EXERCISE BRIEF:
Where a line of the material contains the string "with", copy that line.

RECORDS FOR THE EXERCISE:
◇ ◇ ◇ ◇
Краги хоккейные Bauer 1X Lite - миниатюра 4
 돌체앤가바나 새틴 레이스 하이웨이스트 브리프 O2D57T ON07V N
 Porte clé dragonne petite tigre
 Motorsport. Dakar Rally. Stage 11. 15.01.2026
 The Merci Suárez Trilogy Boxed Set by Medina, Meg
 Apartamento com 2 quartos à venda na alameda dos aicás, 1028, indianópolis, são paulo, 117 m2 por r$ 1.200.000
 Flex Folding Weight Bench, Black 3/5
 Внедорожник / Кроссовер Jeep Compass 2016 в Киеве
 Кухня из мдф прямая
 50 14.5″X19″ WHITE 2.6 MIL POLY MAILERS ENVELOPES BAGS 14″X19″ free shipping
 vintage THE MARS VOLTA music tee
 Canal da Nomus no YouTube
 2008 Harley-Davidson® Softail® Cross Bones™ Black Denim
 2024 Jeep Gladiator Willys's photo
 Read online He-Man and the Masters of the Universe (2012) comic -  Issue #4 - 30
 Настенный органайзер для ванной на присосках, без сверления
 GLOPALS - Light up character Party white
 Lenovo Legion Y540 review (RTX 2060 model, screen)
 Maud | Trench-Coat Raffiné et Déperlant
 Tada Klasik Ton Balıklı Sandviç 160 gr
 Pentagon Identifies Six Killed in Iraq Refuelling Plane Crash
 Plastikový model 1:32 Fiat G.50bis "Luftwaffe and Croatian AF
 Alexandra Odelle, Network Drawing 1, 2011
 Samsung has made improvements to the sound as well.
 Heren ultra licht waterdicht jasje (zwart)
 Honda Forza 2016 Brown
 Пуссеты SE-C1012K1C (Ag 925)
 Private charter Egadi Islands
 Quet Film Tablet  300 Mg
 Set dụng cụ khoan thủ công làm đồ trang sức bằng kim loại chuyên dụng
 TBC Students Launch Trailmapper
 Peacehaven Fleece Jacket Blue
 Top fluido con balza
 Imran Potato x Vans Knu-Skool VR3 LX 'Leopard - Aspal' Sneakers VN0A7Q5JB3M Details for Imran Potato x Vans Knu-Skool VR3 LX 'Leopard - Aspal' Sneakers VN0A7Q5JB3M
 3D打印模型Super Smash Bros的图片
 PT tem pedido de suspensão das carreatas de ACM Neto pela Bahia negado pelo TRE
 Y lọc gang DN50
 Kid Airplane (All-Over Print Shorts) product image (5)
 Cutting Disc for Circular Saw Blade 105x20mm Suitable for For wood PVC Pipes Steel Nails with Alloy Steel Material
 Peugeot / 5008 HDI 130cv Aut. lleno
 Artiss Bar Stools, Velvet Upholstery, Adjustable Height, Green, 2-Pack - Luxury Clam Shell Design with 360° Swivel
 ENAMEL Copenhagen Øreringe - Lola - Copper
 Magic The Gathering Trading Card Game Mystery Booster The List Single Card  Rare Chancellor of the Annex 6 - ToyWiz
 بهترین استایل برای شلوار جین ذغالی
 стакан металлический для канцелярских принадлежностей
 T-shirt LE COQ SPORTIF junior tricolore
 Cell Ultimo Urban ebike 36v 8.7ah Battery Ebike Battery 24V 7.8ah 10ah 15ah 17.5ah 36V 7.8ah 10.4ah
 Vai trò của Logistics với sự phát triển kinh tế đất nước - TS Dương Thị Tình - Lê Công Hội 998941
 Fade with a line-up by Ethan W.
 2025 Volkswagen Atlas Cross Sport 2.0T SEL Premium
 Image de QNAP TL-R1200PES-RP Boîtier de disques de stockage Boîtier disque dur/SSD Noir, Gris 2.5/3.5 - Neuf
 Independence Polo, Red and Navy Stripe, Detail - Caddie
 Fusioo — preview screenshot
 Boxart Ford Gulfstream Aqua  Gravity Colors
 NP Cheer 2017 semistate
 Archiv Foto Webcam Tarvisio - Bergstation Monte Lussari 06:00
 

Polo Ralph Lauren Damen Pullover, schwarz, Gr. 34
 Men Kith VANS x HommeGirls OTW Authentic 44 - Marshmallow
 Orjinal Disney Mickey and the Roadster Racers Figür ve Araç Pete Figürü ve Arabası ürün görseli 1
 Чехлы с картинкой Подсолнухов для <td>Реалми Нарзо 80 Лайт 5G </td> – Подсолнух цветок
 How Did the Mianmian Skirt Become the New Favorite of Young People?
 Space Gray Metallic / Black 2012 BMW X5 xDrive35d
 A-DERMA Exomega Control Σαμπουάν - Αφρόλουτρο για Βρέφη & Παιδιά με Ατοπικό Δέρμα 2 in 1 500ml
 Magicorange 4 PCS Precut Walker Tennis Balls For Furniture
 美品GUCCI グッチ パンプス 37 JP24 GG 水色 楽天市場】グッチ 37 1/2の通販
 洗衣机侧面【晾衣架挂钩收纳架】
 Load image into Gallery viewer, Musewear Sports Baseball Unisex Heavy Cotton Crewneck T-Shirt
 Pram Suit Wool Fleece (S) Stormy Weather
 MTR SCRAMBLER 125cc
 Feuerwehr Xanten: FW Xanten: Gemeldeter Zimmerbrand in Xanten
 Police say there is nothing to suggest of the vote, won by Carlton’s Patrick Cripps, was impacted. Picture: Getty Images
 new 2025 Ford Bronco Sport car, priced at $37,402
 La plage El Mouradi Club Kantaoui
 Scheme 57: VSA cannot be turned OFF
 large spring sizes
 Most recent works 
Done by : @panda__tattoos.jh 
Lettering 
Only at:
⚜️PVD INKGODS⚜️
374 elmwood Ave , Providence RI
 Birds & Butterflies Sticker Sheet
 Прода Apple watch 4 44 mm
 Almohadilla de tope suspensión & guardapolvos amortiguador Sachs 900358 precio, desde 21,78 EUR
◇ ◇ ◇ ◇
SOLUTION FOR THIS TASK:
 Cutting Disc for Circular Saw Blade 105x20mm Suitable for For wood PVC Pipes Steel Nails with Alloy Steel Material
 Artiss Bar Stools, Velvet Upholstery, Adjustable Height, Green, 2-Pack - Luxury Clam Shell Design with 360° Swivel
 Fade with a line-up by Ethan W.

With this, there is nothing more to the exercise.